Opinión

Don Florencio y el San Benito de Coba de Lobo

Allá por los rigores de aquellas canículas, un 11 de cada julio, al menos una casi decena de los quince hermanos que éramos nos ponía nuestro padre en marcha para llegar a pie a los altos de San Benito, por las tierras de Parada que decían de Piñor. El premio, una comida con todo el clero invitado en la sacristía de la iglesia, pero lo que más nos estimulaba eran las riquísimas cerezas traídas no se sabía dónde.

En la subida por esos caminos, algún tramo de carretera, siempre nos encontrábamos con un vecino, que más elegante que un Gatsby venía calzado con zapatos lustrosos y de dura suela, impecable con su corbata. Era Pepe, un retornado de Cuba, vecino tras el río y al que nosotros por su elegancia decíamos Pepito Serrano, nombre acaso puesto por nuestra madre, que era muy fecunda en motes, y, además, atinados. A Pepito siempre lo encontrábamos, año tras año en el mismo punto, como si de acuerdo, pero no había tal y todos boquiabiertos por la coincidencia anual.

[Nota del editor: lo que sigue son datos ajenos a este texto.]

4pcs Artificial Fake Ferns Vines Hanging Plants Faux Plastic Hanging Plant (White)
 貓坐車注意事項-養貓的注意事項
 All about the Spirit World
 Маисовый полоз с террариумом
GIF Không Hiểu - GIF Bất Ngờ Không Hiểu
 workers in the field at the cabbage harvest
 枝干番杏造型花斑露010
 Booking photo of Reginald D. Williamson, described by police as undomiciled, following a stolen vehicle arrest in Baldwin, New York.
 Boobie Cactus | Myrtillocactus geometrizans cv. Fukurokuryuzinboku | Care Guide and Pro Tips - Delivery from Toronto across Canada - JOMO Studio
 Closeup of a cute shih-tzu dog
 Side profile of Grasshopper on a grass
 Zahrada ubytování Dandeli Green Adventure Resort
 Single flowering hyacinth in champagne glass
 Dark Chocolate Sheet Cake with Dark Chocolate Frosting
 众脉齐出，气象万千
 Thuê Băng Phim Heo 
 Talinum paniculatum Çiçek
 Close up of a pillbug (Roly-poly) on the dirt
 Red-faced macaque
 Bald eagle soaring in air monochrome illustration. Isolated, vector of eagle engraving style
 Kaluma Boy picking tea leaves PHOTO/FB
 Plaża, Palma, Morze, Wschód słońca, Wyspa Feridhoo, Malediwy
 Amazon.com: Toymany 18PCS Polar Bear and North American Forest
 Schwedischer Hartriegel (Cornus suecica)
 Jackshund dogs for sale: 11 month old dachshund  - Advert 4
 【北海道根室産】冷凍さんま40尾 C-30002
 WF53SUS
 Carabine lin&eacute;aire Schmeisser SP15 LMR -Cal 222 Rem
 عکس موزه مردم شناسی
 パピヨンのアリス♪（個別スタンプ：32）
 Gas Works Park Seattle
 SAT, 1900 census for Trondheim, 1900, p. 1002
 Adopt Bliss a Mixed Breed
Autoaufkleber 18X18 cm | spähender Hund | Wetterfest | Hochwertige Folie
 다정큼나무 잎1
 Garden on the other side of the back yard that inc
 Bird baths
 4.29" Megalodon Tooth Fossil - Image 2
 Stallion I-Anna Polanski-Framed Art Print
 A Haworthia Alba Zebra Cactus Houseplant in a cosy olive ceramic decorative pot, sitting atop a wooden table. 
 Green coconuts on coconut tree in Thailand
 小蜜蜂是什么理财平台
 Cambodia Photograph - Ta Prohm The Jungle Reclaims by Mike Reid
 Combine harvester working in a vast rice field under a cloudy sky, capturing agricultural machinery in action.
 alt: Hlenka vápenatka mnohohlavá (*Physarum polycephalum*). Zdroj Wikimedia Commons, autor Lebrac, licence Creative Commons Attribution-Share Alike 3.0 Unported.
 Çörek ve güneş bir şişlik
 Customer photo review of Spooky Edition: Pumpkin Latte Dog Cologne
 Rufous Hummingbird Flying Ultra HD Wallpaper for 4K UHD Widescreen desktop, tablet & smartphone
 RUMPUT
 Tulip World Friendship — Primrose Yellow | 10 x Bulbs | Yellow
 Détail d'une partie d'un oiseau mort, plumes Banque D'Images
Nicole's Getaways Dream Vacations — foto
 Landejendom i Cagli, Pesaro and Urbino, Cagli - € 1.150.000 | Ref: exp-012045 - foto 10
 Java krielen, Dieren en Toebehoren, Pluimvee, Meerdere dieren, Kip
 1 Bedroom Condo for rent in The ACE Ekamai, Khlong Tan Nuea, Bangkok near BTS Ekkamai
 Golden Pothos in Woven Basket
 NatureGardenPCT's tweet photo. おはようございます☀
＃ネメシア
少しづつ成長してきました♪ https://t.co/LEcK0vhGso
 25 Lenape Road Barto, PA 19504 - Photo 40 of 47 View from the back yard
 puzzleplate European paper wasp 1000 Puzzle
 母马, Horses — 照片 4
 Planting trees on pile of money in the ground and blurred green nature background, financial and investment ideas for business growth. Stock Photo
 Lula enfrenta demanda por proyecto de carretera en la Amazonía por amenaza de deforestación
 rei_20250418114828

En el santuario, aun llegábamos a la misa solemne de las 12, que nunca oficiaba el cura Don Florencio y si los arciprestes vecinos, como si él, que no lo era y si confesor del seminario, fuese el super arcipreste, tal categoría tenía, y ganada por su carácter que le llevaría a rechazar besar el anillo que el obispo le ofrecía luego de una fuerte discusión, diciéndole: Quíteme de ahí ese ferriño. Un carácter tal que en el púlpito arengaba a los presentes a que soltasen su donativo, como obligándoles. Don Florencio, que había cursado en el seminario gracias a que unas señoritas de Taboadela, en A Rabeda, a las que traía chocolate de la ciudad para sus meriendas vespertinas, le pagaron los estudios; era ese cura geniudo, pero de un gran corazón, que nos traía las castañas pilongas diciéndole a mi madre: Estas son pra os pitiños.

Después de la misa, un interregno en el que tras sacristía nos divertíamos con Pepiño, un protegido del cura que iba para seminarista… y terminaría casado, mientras Genoveva, el ama del cura, preparaba la comida para una treintena de comensales. Allí, en la sacristía se sacaban los fuegos o cohetes y Pepiño, cigarrillo en mano, los lanzaba con gran estrépito. Un milagro que no estallásemos como en pirotecnia.

Comida empanada, carne o caldeiro, pulpo, que aun con los calores todo pasaba, y las sabrosísimas cerezas, bajábamos por Cabeza de Vaca donde alguna banda de pueblo hacía las veces de orquesta y recogía a algunos de nosotros.

Nunca nos vimos en el Penedo do Tangaraño, porque ya un tanto abandonada la costumbre de ir con tres Marías y pasarse al paralítico por la piscina bajo la gran roca diciendo: María, ahí che vai o tangaraño. Y así hasta tres veces. Se cambiaban las ropas del tullido, se tiraban allí mismo y  se ataba una xesta. Si al año siguiente aparecía seca, el niño paralítico no curaba.